Smart dieters turn to HIIT because it’s a quicker, more efficient way to burn fat and lose weight. This article discusses:
- what HIIT workouts are
- the expected benefits of HIIT
- why HIIT workouts burn fat and how they measure up to low-intensity steady-state cardio
- how to structure HIIT workouts to achieve your goals
What is high-intensity interval training?
High-intensity interval training is what the name suggests: a style of exercise where you vary between intervals of high-intensity and low-intensity exercise or rest. One of the most basic examples of a HIIT workout is sprinting at your maximum level for 30 seconds followed by a 30 second walk. You’ll repeat the interval between 10 and 15 times.
The example above is a 1:1 HIIT ratio. However, you can use different ratios to alter the effects of the workout. For example, you can work for 20 seconds and “rest” for 10 seconds. This is the very method, first introduced by the Japanese researcher Izumi Tabata, that led to the popularity now enjoyed by HIIT methods.
3 benefits of HIIT
While fat loss is the primary goal of any HIIT workout, there are other benefits to take note of as a smart dieter. These include:
- Metabolism boost – HIIT causes Excess Post-Exercise Oxygen Consumption, or EPOC. This gives your metabolism a boost for up to 48 hours after your workout and helps you burn fat long after you’ve left the gym.
- Efficiency – HIIT workouts are typically 10 to 15 minutes long. This means you can always fit them into your schedule and you can do them virtually anywhere –at the park, at home, at the gym, and even while traveling.
- No equipment required – if you want to work out from home without paying for a gym membership, you can do so with HIIT. Many HIIT workouts use your bodyweight, meaning no equipment is needed.
As well as these benefits there is one main reason why most people turn to HIIT: fat loss.
Why to use HIIT for fat loss and how HIIT measures up to low-intensity steady-state cardio
Any type of cardiovascular exercise will cause you to burn fat and carbohydrates.

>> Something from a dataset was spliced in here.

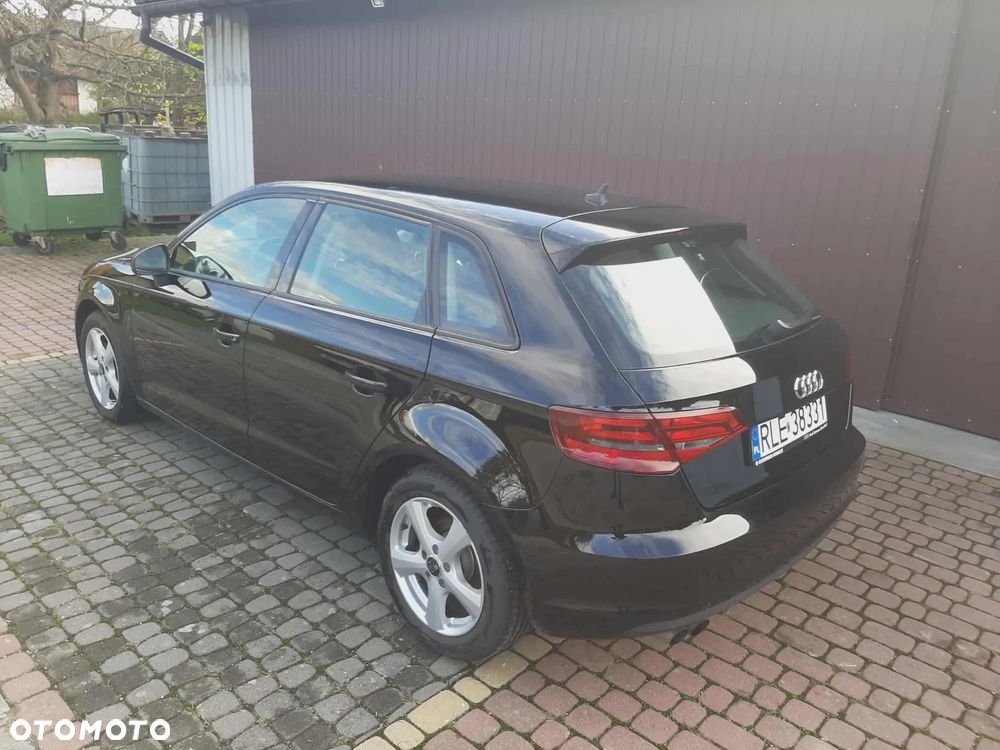 Audi A3 Sportback - 6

However, the intensity of your cardiovascular exercise will affect how much fat and carbs you burn during your workout. This is because as workout intensity increases, your body relies on muscle glycogen rather than fat stores for energy. Put simply, this means that the harder you work out, the more your body will use carbohydrates rather than fat for energy during the workout.
This is why people believe that low-intensity cardio is best for fat loss: it keeps your body in the target “heart rate zone” where the workout isn’t too intense and your body burns glycogen stores rather than fat. However, HIIT is superior for fat loss for two main reasons.
1: You burn more calories per session
High intensity workouts burn more calories than low-intensity workouts, and with more calories burned, more fat is lost. This is particularly true for HIIT workouts because they keep your heart rate out of the high zone where your body begins to rely on glycogen rather than fat.
Consider this: if you jog multiple times per week and burn 200 calories each time you exercise, 100 calories could easily come from fat stores in the body. But if you follow a HIIT workout the same number of times per week, you could easily burn 400 calories or more and 150 calories or more could come from fat stores. This means that you’re spending less time at the gym while burning more calories from fat, making it simpler and more efficient to achieve your weight loss goals.
2: Shorter cardio sessions accelerate muscle growth
Cardiovascular exercise itself doesn’t impair muscle growth, but too much cardiovascular exercise does. What constitutes too much typically depends on the duration of your individual cardio sessions and the total amount of cardio you perform each week. That being said, you should use HIIT workouts for shorter cardio durations and perform these workouts only 2 or 3 times per week to ensure you’re accelerating, rather than impairing, muscle growth.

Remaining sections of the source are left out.